3. Once interest rates and terms are locked in, the world changes.
When TermMax:
- Fixes interest rates
- Fixes terms
- Encodes collateral relationships
into positions, what Curator can do is directly upgraded to a new dimension—no longer just allocating funds, but allocating time.
4. This step is the real entry point for a term hedge.
Imagine a simple structure:
- Short-term assets
- Hedging
- Long-term liabilities
Or vice versa: short debt and short long debt. What is the essence? It’s not betting on direction, but managing time mismatches. This is what traditional fixed income funds do, and for the first time, TermMax brings this capability on-chain.
5. Why can’t aggregators ever do this?
Yearn can help you find higher yields, Idle can optimize your path.
But they can’t split a single fund into risk segments of different maturities because they solve for where to earn, not when to earn.

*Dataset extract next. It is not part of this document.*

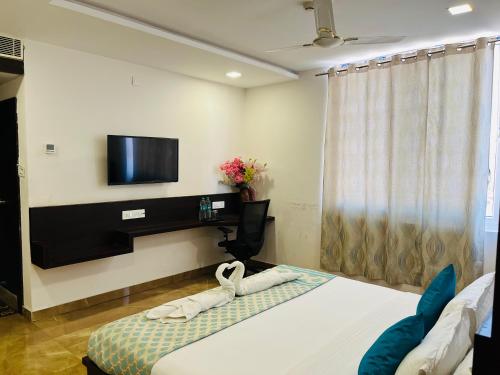 a hotel room with a bed with a towel on it at Hotel Elite By Signature Group in Hyderabad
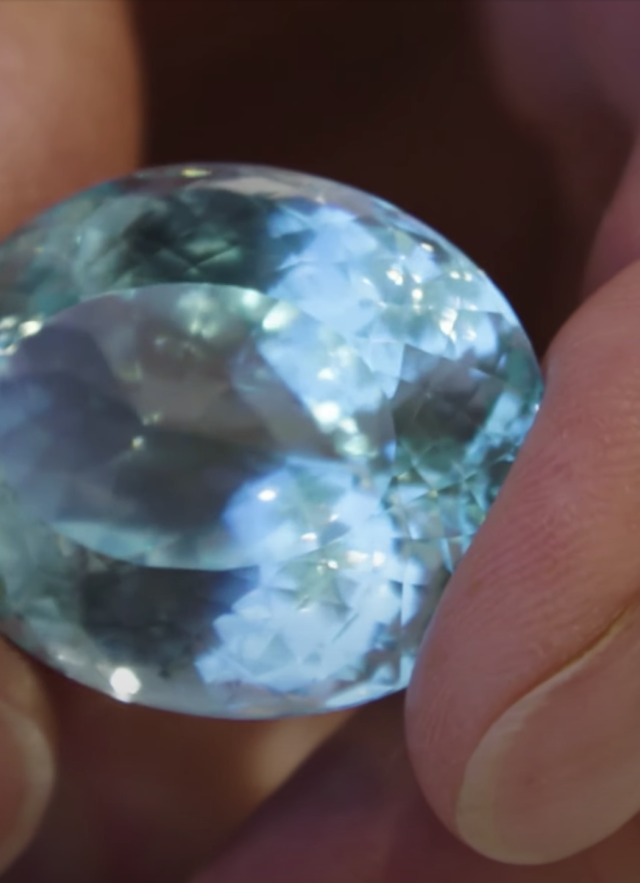 A hand hold an aquamarine colored gemstone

6. What TermMax is doing is a more fundamental thing.
FT is like a debt payable at maturity.
XT locks in financing costs.
GT encodes collateral and debt into a single position.
This isn’t just a product; it’s a calculable, hedgeable, composable debt receipt. What you get isn’t just a position, but a stream of future cash flows.
7. The ultimate goal of Curator isn’t yield optimization.
I now prefer to think of Curator as a fixed-income hedge fund manager on-chain, capable of:
- Managing maturity distributions
- Cash flow matching
- Mismatch hedging
- Yield curve structuring
This is no longer the familiar DeFi gameplay; it’s fixed income.
8. But here’s a cold truth (this is very important):
A term structure isn’t about reducing risk; it’s about reallocating risk. You no longer face interest rate fluctuations directly, but you start facing:
- Concentrated maturity explosions
- Liquidity gaps
- Curve mismatches
Risk doesn’t disappear; it just shifts from price to time.
9. That’s why this stage is so critical.
Currently:
- TVL ~ $62 million
- Borrowed ~ $13 million
- Fees are still in early stages
This indicates the structure has emerged, but the market hasn’t fully understood it yet.
10. So what I care more about isn’t returns,
but this question—once time can be split, combined, and hedged, will DeFi see its first truly on-chain fixed-income fund?
Most protocols are making funds more active; TermMax is making time manageable.
If Curator really can build a fixed-term hedge fund, what do you care about more? Returns? Or who bears the risk of time mismatches?